ARMS: Adding and removing markers on splines for high-order general interface tracking under the MARS framework

Abstract

Based on the MARS framework for interface tracking (IT) (Zhang and Fogelson (2016) [33]) (Zhang and Li (2020) [35]), we propose ARMS (adding and removing markers on splines as a strategy for regularizing distances between adjacent markers in simulating moving boundary problems. In ARMS, we represent the interface by cubic/quintic splines and add/remove interface markers at each time step to maintain a roughly uniform distribution of chordal lengths. To demonstrate the utility of ARMS, we apply it to two-dimensional mean curvature flows to develop ARMS-MCF2D, where spatial derivatives are approximated by finite difference formulas and the resulting nonlinear system of ordinary differential equations is solved by explicit, semi-implicit, and implicit Runge–Kutta methods. As such, the semi-implicit and implicit ARMS-MCF2D methods are unconditionally stable. Error analysis indicates that the order of accuracy of ARMS-MCF2D can be 2, 4, or 6. Results of numerical experiments confirm the analysis, show the effectiveness of ARMS in maintaining the regularity of interface markers, and demonstrate the superior accuracy of ARMS-MCF2D over other existing methods.
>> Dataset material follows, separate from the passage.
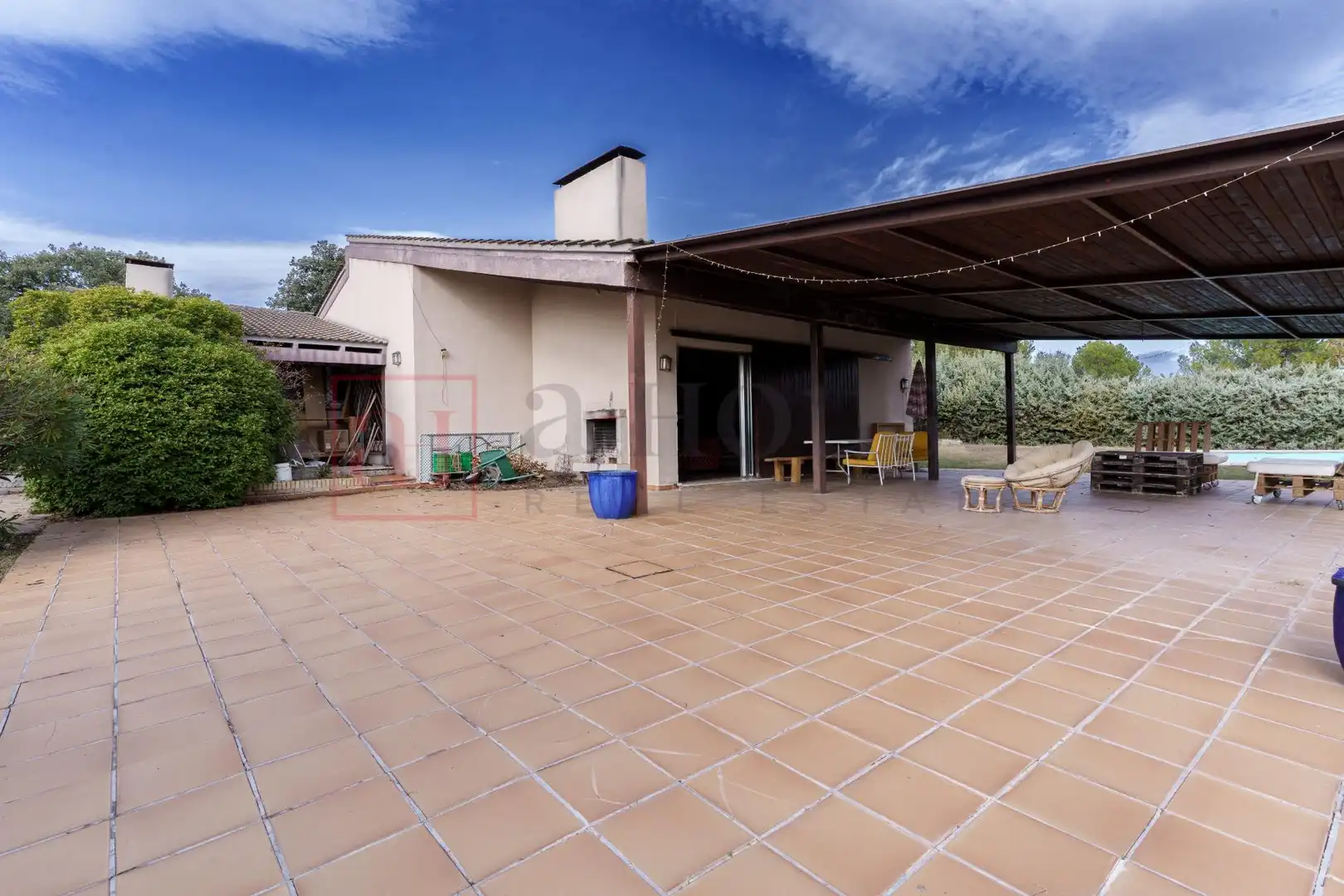 Terrassa de Finca rústica en venda en Villanueva de la Cañada amb Calefacció, Jardí privat i Piscina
A one-phase Stefan problem is also simulated by coupling ARMS to a finite difference method, exhibiting its potential utility to general IT in moving boundary problems. The generality and flexibility of ARMS partially lie in the fact that, by specifying a discrete time integrator for her own moving boundary problem, an application scientist immediately obtains a MARS method for the problem without worrying about curve fitting and marker distributions.